• What is required
Repeat each entry exactly and drop the pictures.

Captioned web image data
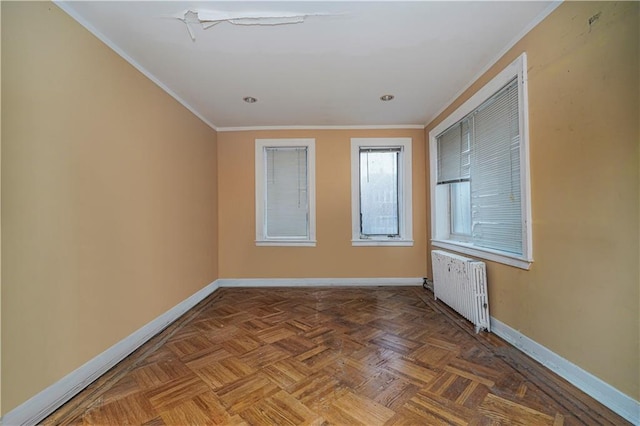 unfurnished room featuring ornamental molding, baseboards, and radiator heating unit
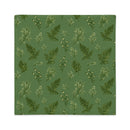 A square fabric item, likely a placemat or napkin, featuring a repeating pattern of green ferns and small white flowers on a muted sage green background.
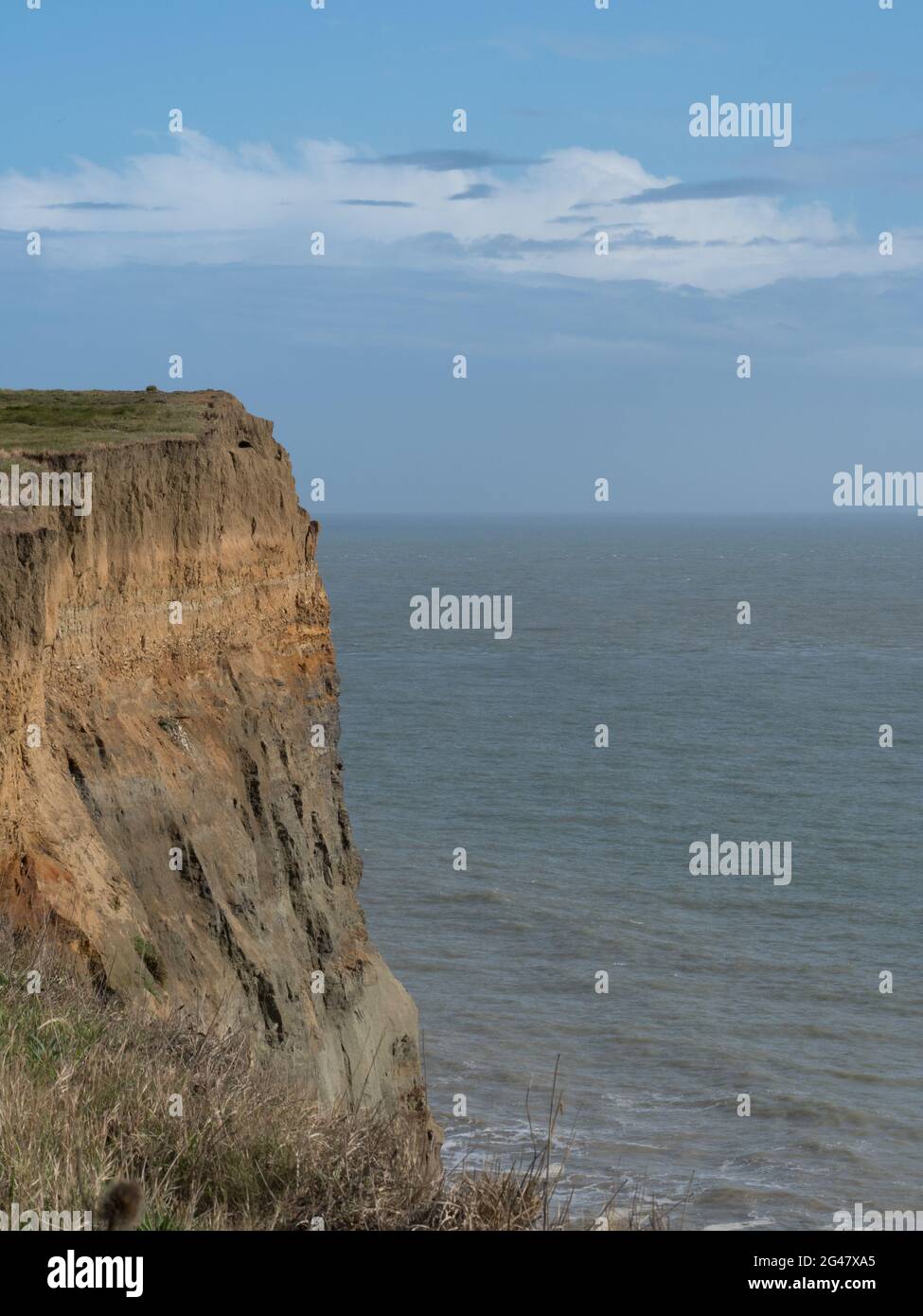 Scogliera a strati sotto un piccolo strato di nuvole attraenti in cielo blu sopra il calmo mare dell'oceano Atlantico Foto Stock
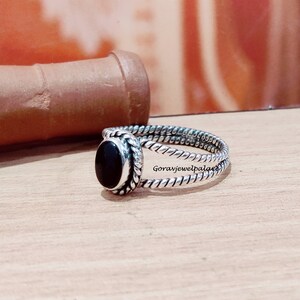 May include: A silver ring with a black oval gemstone set in a twisted band.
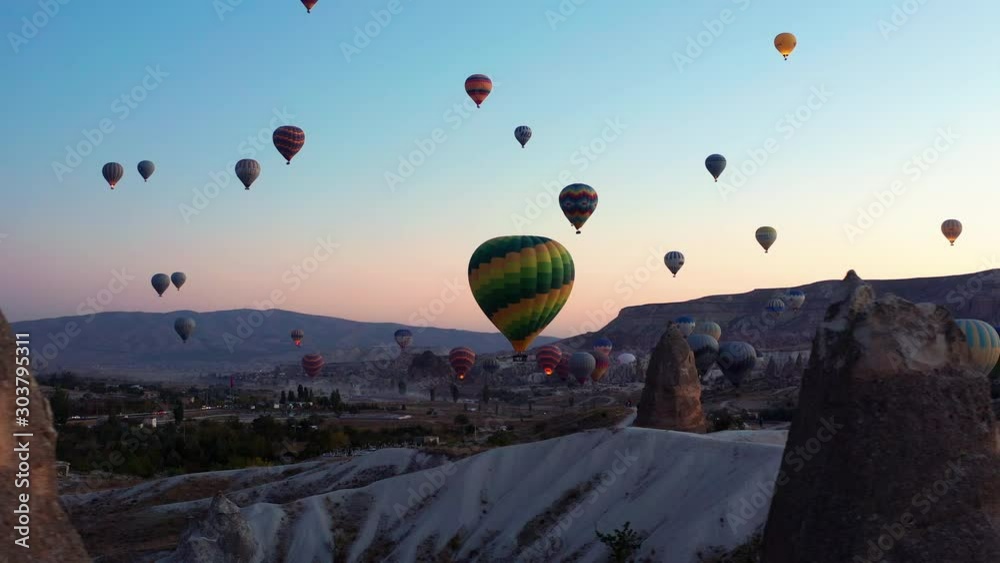 Early morning silhouetted hot air balloons against the skies of Goreme Cappadocia, Turkey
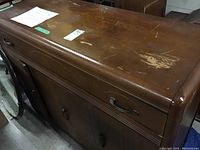 Top view of vintage wood dresser showing surface scratches and wear on top finish.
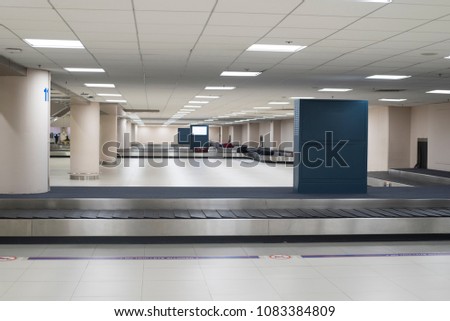 Empty baggage conveyor belt at the airport Royalty-Free Stock Photo #1083384809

• Task result
 unfurnished room featuring ornamental molding, baseboards, and radiator heating unit
 A square fabric item, likely a placemat or napkin, featuring a repeating pattern of green ferns and small white flowers on a muted sage green background.
 Scogliera a strati sotto un piccolo strato di nuvole attraenti in cielo blu sopra il calmo mare dell'oceano Atlantico Foto Stock
 May include: A silver ring with a black oval gemstone set in a twisted band.
 Early morning silhouetted hot air balloons against the skies of Goreme Cappadocia, Turkey
 Top view of vintage wood dresser showing surface scratches and wear on top finish.
 Empty baggage conveyor belt at the airport Royalty-Free Stock Photo #1083384809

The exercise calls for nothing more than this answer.